Finding your moral framework requires identify-consider-act-reflection: identifying and introspecting what your principles are for all kinds of situations, determining whether those principles are harmful or inappropriate to you and others, acting on those principles, and considering the consequences for you and others. You have to think about whether it makes others happy or not.

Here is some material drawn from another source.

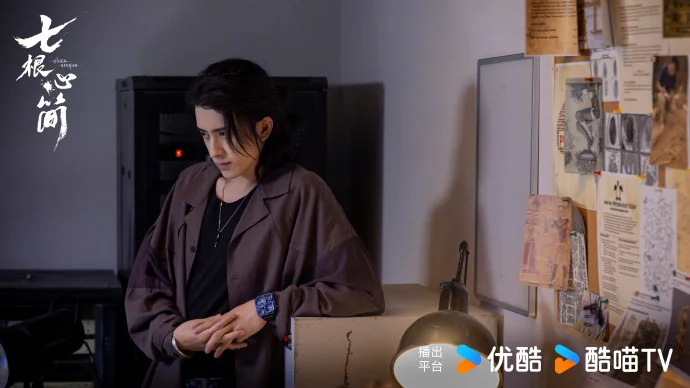 《七根心简》悬疑升级：猎豹现身师门，凤凰小队能否破解心简之谜？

Values ​​give you a better sense of self that will help you boost your self-esteem and stop doubting yourself.

3. Adopt a growth mindset

To stop second-guessing yourself, you need to remember that you are human. There is always room to grow. Instead of beating yourself up for your shortcomings, focus on improving yourself daily.

· Be comfortable with mistakes

We are not robots. We all have to make bad decisions in our life.

Research shows that to cope better with mistakes, you should try to see them as consequences rather than failures. Mistakes are experiences you can use to better handle the decisions you have to make later and get closer to the results you want.

Your value does not depend on your mistakes – you made mistakes, but you are not wrong! Being comfortable with errors shows that you are ready to grow.

· Rewire your brain for compassion

According to Jane Bolton (PsyD), people are hardwired to feel emotions. Thus, receiving and giving empathy fulfills a person’s need for communication and recognition, which allows for greater confidence in decision-making abilities.

Research shows that compassion reflects self-esteem. You tend to feel more confident when you understand others and protect your relationships.

Compassion not only helps others, but it also helps you grow and make better decisions.

· Ask for help

Second-guessing comes from the fear that people will reject you or help you when you need it.

But evidence suggests that those who previously rejected us are more likely to help out of compassion. According to Social Psychologist Heidi Grant, people tend to love us more for helping us.

So we get the advice we need when we doubt ourselves while asking for help. We have a chance to make new connections and make people love us.

Final thoughts on how to stop second-guessing yourself

While it’s okay to second-guess yourself occasionally, chronic second-guessing won’t lead to happiness. By practicing the skill of decisive and informed action, you can stop doubting your decisions.

While you may still fail from time to time, you can learn from those mistakes. Who knows, you might even silence that little doubting voice inside your head once and for all.